**Information provided:**
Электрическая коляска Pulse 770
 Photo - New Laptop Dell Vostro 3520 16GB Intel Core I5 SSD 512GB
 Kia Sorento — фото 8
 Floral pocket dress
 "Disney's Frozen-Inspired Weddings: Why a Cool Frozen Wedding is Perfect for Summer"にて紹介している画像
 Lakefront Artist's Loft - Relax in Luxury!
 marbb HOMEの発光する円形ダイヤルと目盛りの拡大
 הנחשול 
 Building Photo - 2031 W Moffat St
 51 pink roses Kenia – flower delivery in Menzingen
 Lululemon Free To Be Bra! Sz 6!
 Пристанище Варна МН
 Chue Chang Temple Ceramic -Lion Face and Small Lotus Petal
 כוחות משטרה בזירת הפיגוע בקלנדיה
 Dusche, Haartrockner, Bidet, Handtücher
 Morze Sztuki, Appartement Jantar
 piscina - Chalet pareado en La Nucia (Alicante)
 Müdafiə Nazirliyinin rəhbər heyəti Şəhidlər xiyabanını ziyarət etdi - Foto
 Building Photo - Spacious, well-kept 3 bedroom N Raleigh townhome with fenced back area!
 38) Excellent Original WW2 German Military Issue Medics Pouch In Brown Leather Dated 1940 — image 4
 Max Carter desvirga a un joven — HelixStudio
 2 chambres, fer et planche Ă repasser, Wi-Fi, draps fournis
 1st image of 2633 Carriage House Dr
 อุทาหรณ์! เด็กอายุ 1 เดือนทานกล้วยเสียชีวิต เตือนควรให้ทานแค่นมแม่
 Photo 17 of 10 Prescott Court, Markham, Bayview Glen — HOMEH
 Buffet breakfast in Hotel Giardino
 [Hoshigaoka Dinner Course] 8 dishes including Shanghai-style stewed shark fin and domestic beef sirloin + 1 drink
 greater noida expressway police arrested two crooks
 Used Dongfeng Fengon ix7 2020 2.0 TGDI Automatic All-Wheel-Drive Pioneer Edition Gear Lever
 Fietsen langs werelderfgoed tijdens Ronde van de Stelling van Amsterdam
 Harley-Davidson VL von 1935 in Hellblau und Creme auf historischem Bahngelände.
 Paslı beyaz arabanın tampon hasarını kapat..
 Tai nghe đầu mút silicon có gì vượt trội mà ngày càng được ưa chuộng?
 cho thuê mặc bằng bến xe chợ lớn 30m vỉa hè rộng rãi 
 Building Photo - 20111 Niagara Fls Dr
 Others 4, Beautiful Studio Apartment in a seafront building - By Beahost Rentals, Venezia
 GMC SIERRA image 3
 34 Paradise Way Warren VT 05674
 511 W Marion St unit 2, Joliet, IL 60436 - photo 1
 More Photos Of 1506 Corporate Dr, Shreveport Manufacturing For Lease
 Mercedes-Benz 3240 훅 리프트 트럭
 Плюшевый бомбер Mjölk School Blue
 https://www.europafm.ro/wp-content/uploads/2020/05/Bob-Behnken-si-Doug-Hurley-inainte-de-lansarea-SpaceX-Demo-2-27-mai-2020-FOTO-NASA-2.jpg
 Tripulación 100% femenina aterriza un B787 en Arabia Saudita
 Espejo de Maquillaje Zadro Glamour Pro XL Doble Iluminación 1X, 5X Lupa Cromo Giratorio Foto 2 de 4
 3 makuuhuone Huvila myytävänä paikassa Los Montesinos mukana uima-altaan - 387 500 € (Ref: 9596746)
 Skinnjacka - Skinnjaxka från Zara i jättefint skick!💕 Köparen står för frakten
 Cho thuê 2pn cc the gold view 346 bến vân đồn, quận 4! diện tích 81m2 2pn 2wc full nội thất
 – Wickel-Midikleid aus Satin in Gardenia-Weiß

**Work to complete:** Beginning at the line above that contains "cho thuê mặc", return each line exactly through the line that contains "Cho thuê 2pn", and no others.

**Written response:**
 cho thuê mặc bằng bến xe chợ lớn 30m vỉa hè rộng rãi 
 Building Photo - 20111 Niagara Fls Dr
 Others 4, Beautiful Studio Apartment in a seafront building - By Beahost Rentals, Venezia
 GMC SIERRA image 3
 34 Paradise Way Warren VT 05674
 511 W Marion St unit 2, Joliet, IL 60436 - photo 1
 More Photos Of 1506 Corporate Dr, Shreveport Manufacturing For Lease
 Mercedes-Benz 3240 훅 리프트 트럭
 Плюшевый бомбер Mjölk School Blue
 https://www.europafm.ro/wp-content/uploads/2020/05/Bob-Behnken-si-Doug-Hurley-inainte-de-lansarea-SpaceX-Demo-2-27-mai-2020-FOTO-NASA-2.jpg
 Tripulación 100% femenina aterriza un B787 en Arabia Saudita
 Espejo de Maquillaje Zadro Glamour Pro XL Doble Iluminación 1X, 5X Lupa Cromo Giratorio Foto 2 de 4
 3 makuuhuone Huvila myytävänä paikassa Los Montesinos mukana uima-altaan - 387 500 € (Ref: 9596746)
 Skinnjacka - Skinnjaxka från Zara i jättefint skick!💕 Köparen står för frakten
 Cho thuê 2pn cc the gold view 346 bến vân đồn, quận 4! diện tích 81m2 2pn 2wc full nội thất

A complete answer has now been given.